Date Published: July 21, 2017
Publisher: JKL International LLC
Author(s): Saidan Ding, Jianjing Yang, Xueli Huang, Leping Liu, Jiangnan Hu, Zhu Xu, Qichuan Zhuge.
Minimal hepatic encephalopathy (MHE) is induced by elevated intracranial dopamine (DA). The relationship of the Shh pathway with memory loss in MHE, however, is elusive. In the current study, rats with MHE induced with DA displayed downregulation of the Shh pathway. Additionally, injection of Shh into MHE/DA-treated rats reversed downregulation of BDNF/NT3, whereas administration of cyclopamine (Cyc) enhanced the inhibition of expression of BDNF/NT3. Furthermore, naringin (Nrg) substantially prevented cognitive impairment in MHE/DA-treated rats and upregulated the Shh pathway, paralleling the elevated expression of BDNF/NT3. Overall, our results indicate that the Shh pathway can induce the expression of BDNF/NT3, and DA causes memory loss by inactivation of Shh pathway signaling to BDNF/NT3 in MHE rats, which is reversed by Nrg. Our study may provide new theory basis of pathogenesis and therapeutic target of MHE.
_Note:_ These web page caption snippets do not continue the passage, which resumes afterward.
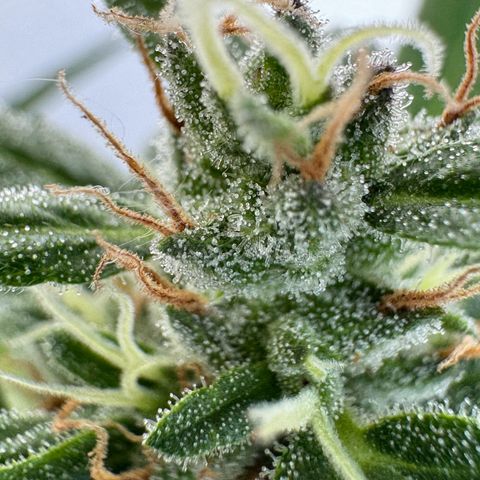 Godzilla Cookies Auto growlog timeline photo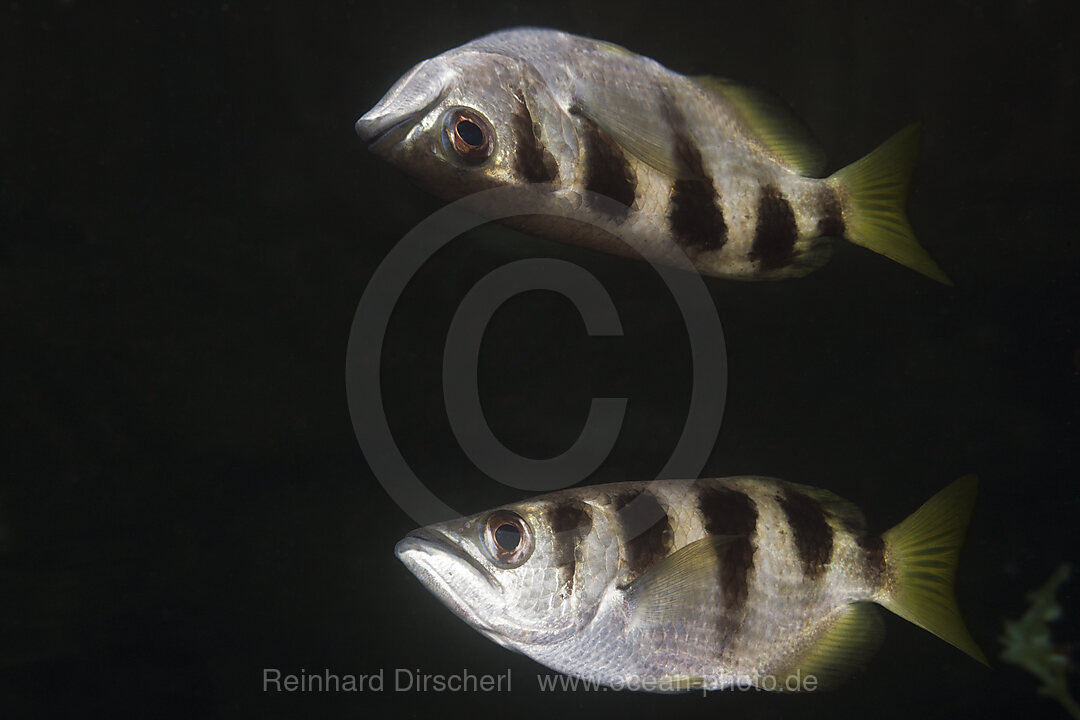 Banded Archerfish be reflected at Water Surface, Toxotes jaculatrix, Russell Islands, Solomon Islands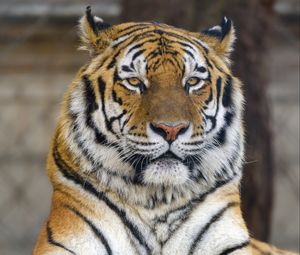 Preview wallpaper tiger, pose, paws, predator, big cat, animal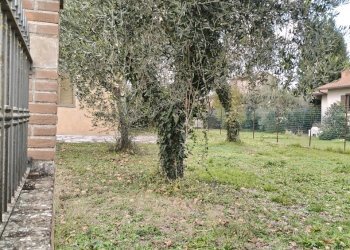 IMG20251121122156.jpg - Independent house Strada Pian dell'Ara 88, Avigliano Umbro - photo 3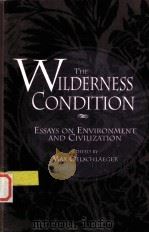THE WILDERNESS CONDITION  ESSAYS ON ENVIRONMENT AND CIVILIZATION   1992年  PDF电子版封面    MAX OELSCHLAEGER 
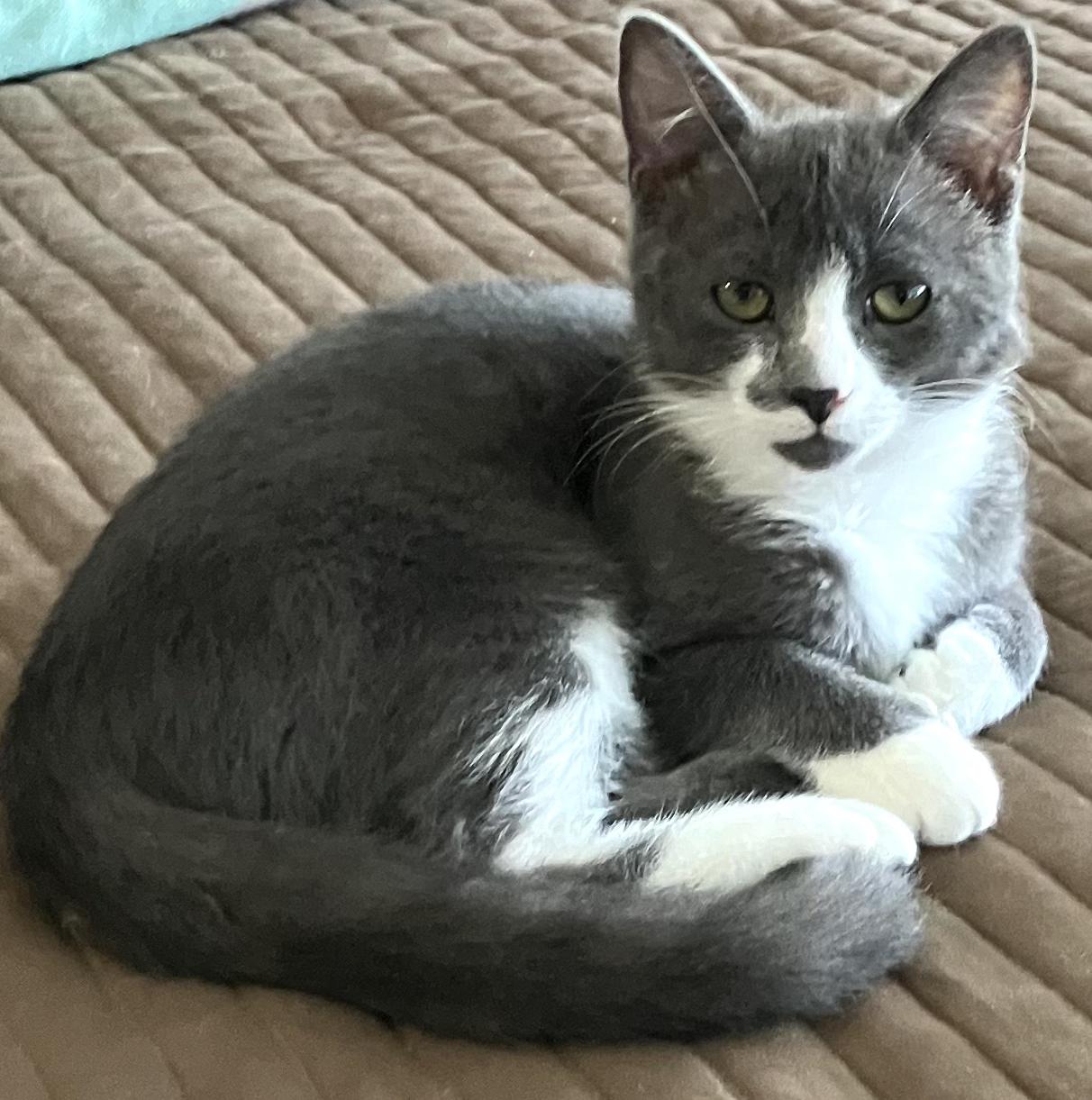 Enlarge Grayson, a Adopted Domestic Short Hair in DeLand, FL image 2/3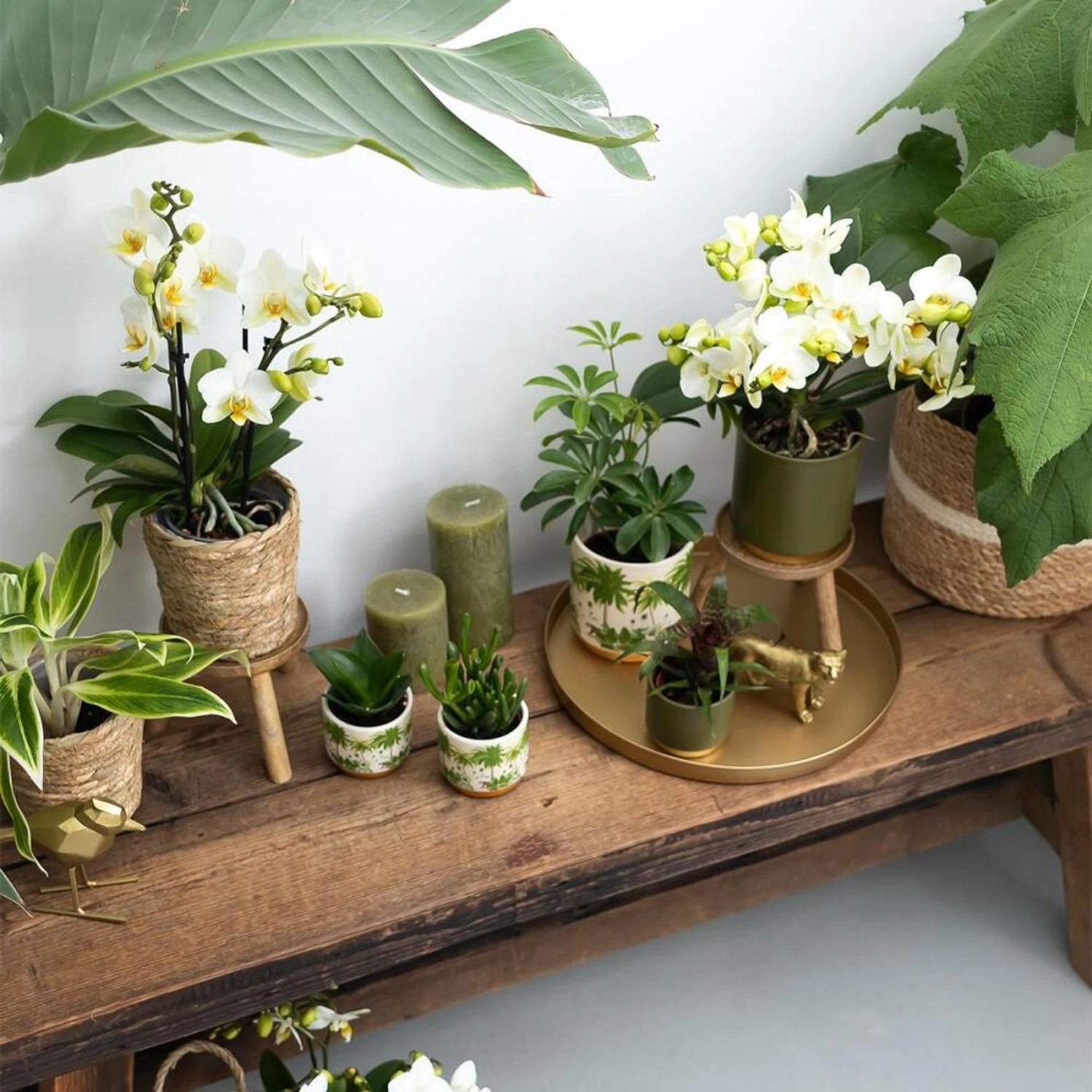 Kolibri Greens Sukkulente Crassula Hobbit im 9cm Topf, grüne Zimmerpflanze.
Currently, there is growing interest in the pathogenesis of MHE. We previously found that COMT inhibitor, a protein involved in accumulation of DA, was up-regulated in cirrhotic liver in MHE by 2-DE/MS; we then found increased levels of DA in cirrhotic liver and hippocampus in MHE rats . Our present study further confirmed that elevated DA in the brain from cirrhotic liver could induce the memory impairment of MHE. We here demonstrated that chronic stimulation of cortical astrocytes significantly reduced the expression of proteins in the Shh pathway in MHE rats. Thus, we have provided the first evidence suggesting that the Shh pathway may be important in the pathogenesis of memory impairment in MHE rats. One study found that dopamine agonists impair or have no effect on stimulus-response learning and working memory . Our study also indicated that increased dopamine impairs memory function. Furthermore, changes in DA levels in vivo and in vitro have been shown to regulate the expression of the Shh signaling cascade.